A small Florida-based company must stop making software that allows users to "unlock" safeguards against piracy and make illicit copies.

A small Florida-based company must stop making software that allows users to "unlock" safeguards against piracy and make illicit copies.

The U.S. Federal Court for the District of Connecticut has slapped a temporary injunction on Imagine That, preventing the company from shipping copies of its RivalLock and IceLock software, while a trademark infringement suit brought by CNC Software proceeds. RivalLock and IceLock allow users to make multiple copies of software licenses that are not supposed to be duplicated.

A maker of computer-aided design (CAD) software, CNC develops and sells its Mastercam on the basis of "individual seat" licenses. It ensures the software cannot be illegally duplicated and distributed by shipping a system interface module (SIM) with each copy: Mastercam does not work without a unique SIM, which is plugged into a PC port.

Imagine That's programs, which are marketed to CNC's customers via its Web site and Usenet newsgroups, modify Mastercam's code to bypass the SIM. This allows licensees to copy and use Mastercam without the hardware lock.

Christopher F. Droney, U.S. District Judge for the District of Connecticut, found that CNC is likely to prevail on the merits of its copyright and trademark infringement claims and that the company could suffer irreparable harm if an injunction was not imposed, according to the ruling.

Imagine That must refrain from distributing its products, which "render useless the plaintiff's software locking mechanisms," and must refrain from using the CNC's trademark in its advertising or packaging while the case is pending, the court ruled.

Increasingly, software companies are looking to the courts to protect their trademark interests against widespread piracy and loosely enforced per-seat licensing agreements.
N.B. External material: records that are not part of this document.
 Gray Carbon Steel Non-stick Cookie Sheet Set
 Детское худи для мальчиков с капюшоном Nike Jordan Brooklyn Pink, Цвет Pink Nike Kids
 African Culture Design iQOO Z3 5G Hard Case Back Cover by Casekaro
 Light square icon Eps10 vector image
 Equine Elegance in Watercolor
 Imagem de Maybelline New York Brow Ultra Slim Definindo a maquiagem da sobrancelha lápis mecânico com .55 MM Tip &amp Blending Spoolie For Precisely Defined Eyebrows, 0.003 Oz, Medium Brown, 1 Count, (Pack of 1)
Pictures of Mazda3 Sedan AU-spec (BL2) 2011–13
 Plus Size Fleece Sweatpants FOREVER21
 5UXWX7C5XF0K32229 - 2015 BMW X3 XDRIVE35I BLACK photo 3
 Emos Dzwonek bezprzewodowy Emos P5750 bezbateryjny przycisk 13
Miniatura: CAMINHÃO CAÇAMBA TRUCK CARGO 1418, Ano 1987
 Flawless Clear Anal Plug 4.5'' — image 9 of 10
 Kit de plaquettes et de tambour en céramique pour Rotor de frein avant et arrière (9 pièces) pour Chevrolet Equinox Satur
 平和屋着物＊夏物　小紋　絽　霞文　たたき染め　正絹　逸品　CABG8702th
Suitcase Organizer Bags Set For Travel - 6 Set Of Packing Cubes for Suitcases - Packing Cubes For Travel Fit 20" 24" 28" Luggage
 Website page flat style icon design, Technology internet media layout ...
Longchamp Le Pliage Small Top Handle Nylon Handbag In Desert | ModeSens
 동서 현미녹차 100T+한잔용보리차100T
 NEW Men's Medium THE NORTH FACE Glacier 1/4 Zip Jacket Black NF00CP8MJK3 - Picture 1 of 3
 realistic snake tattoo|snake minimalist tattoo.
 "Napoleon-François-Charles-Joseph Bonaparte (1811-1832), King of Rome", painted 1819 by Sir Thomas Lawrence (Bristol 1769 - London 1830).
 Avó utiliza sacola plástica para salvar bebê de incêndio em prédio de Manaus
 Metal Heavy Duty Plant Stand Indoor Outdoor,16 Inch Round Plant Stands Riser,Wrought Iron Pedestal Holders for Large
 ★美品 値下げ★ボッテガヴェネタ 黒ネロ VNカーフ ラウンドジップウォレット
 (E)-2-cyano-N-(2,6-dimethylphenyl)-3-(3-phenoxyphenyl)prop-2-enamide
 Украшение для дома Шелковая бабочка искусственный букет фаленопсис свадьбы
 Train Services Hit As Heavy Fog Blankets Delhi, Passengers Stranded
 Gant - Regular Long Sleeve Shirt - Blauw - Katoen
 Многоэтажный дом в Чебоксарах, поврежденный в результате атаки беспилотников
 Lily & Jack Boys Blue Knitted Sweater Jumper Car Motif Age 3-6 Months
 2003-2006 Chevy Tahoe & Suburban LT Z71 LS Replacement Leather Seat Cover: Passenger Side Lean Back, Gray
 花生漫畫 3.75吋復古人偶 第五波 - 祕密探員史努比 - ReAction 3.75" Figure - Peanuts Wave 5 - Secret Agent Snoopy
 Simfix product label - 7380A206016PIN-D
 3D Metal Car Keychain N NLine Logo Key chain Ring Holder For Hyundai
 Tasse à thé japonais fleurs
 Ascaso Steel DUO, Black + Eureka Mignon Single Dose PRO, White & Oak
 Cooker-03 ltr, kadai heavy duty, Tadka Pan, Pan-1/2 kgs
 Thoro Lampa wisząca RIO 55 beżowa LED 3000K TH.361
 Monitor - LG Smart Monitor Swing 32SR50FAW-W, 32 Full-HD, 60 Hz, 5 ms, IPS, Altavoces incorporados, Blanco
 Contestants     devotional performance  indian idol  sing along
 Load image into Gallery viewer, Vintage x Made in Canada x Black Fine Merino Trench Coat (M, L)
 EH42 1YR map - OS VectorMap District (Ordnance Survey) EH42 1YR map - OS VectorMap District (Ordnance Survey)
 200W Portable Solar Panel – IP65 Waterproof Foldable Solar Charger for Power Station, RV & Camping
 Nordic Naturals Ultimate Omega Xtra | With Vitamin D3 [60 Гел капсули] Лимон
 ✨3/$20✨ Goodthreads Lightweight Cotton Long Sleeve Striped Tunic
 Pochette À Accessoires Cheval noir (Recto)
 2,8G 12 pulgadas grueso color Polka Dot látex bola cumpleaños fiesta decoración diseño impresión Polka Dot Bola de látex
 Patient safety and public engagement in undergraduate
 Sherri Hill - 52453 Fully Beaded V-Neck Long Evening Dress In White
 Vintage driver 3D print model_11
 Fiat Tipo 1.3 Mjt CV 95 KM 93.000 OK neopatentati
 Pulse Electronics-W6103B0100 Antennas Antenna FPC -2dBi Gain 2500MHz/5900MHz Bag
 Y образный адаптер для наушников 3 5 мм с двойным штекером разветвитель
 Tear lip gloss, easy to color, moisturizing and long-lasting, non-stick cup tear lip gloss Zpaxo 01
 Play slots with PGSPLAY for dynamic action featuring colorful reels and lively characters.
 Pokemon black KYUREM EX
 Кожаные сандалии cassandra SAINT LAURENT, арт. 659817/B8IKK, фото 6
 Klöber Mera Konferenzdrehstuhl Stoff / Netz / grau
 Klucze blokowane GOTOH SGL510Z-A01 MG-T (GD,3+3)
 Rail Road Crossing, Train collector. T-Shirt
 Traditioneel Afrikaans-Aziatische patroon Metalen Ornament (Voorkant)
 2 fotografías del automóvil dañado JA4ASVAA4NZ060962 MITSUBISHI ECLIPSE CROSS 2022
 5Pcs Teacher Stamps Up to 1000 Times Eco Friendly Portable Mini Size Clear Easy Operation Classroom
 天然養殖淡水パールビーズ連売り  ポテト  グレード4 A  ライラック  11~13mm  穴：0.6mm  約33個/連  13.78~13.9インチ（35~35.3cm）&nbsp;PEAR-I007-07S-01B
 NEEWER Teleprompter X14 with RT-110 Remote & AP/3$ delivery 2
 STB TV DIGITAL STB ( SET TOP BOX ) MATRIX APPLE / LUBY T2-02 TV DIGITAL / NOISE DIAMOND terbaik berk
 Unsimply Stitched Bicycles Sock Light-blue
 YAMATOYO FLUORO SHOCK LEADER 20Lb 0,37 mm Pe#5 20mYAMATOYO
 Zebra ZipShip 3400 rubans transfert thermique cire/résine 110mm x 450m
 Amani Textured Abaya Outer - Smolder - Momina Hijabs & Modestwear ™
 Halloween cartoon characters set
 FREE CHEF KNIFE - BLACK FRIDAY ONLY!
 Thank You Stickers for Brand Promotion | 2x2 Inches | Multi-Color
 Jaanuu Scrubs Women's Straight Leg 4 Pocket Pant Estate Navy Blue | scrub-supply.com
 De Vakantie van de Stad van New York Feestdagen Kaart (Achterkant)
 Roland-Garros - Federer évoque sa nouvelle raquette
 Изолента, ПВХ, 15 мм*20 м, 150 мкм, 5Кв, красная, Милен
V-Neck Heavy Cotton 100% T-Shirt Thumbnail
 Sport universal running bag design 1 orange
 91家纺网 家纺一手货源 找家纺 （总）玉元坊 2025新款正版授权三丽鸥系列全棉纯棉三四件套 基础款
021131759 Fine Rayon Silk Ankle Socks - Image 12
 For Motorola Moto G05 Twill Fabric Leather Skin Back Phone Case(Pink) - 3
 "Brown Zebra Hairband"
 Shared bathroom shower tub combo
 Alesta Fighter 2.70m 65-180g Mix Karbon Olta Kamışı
CNC filed the suit in attempt to preserve its only revenue stream, its licensing agreements with its clients, it said in the suit.

Mastercam costs $12,900 per license, and customers may not copy or distribute extra copies under the terms of the licensing agreement. "Each customer who licenses a copy of the CNC Mastercam software receives a SIM that is coded to run only with that version and level of the software," according to the suit.

Imagine That displays a disclaimer on its site warning potential customers that its software is only designed for authorized licensees to "protect your considerable investment in your software by preventing downtime, loss of income, and hardware and/or software incompatibilities."

However, the ruling finds that the "Defendants' 'verification process' which they claim to use to ensure sale of their software only to licensed users of Mastercam, is not consistently employed, and is not effective."